Inspired by the elegant modular structure of that model, I became curious about designing paper versions of n-gon prisms. What began as a simple experiment quickly evolved into a fascinating mathematical puzzle.
Through trial and error (I experimented with over thirty different nets), I discovered something remarkable: odd-sided prisms behave fundamentally differently from even-sided prisms.
The Odd-Sided Pattern
For odd-sided prisms (triangles, pentagons, heptagons, etc.) with an edge length of a:
- Each face consists of two equilateral triangles connected by a rectangle.
- The total number of equilateral triangles needed is 2n (where n is the number of sides).
- All triangles have sides equal to the chosen edge length a.
- The height of the prism equals the height of the equilateral triangle.
The Even-Sided Pattern
For even-sided prisms (squares, hexagons, octagons, etc.) with an edge length of a:
- Each face is made of two isosceles right triangles connected by a rectangle.
- These triangular pieces form squares when paired together on each side.
- The total number of isosceles right triangles needed is 2n.
- The height of the prism equals the side length a.
Shared Properties of Even and Odd Prisms
- Each paper unit consists of a rectangle flanked by two triangles—one at the top and one at the bottom.

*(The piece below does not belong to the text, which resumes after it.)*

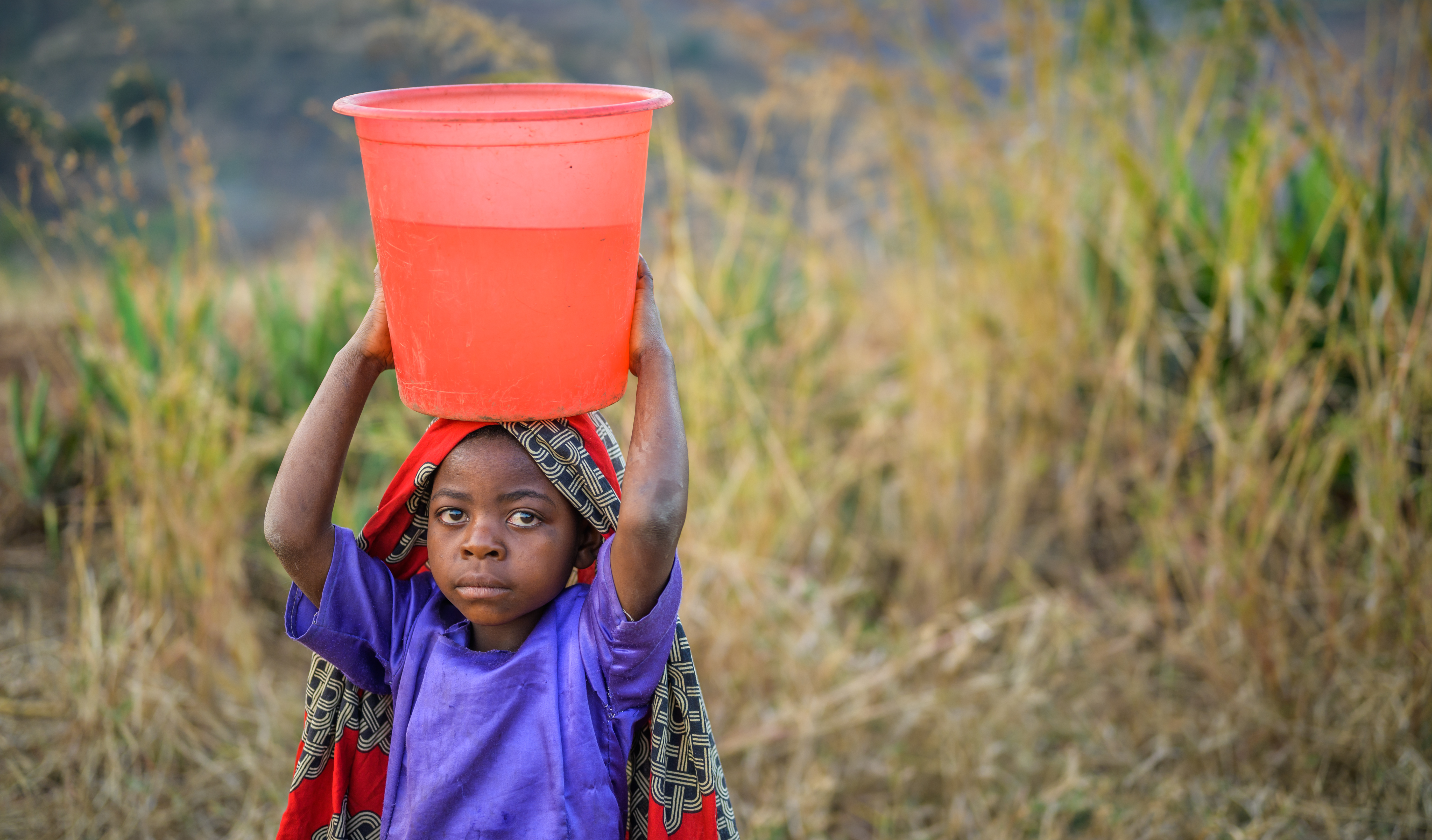 Child in Malawi walks holding a bucket of water over their head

- The rectangle is folded along its diagonal to form the three-dimensional structure of the prism.
- The prism exists in two chiral forms, depending on whether the rectangle’s diagonal slants clockwise or counterclockwise.
- The rectangle’s diagonal represents the longest internal diagonal of the prism.
- The two sides of the rectangle form another diagonal, connecting adjacent sides of the prism (traversing from the top of one face to the bottom of the next, depending on the prism’s chirality).
Formulas Used
For a regular n-gon prism with side length a and height h:
Height Calculation
Odd n-gon: h = a × √3 ⁄ 2 (height of an equilateral triangle)
Even n-gon: h = a (two isosceles right triangles form a square face)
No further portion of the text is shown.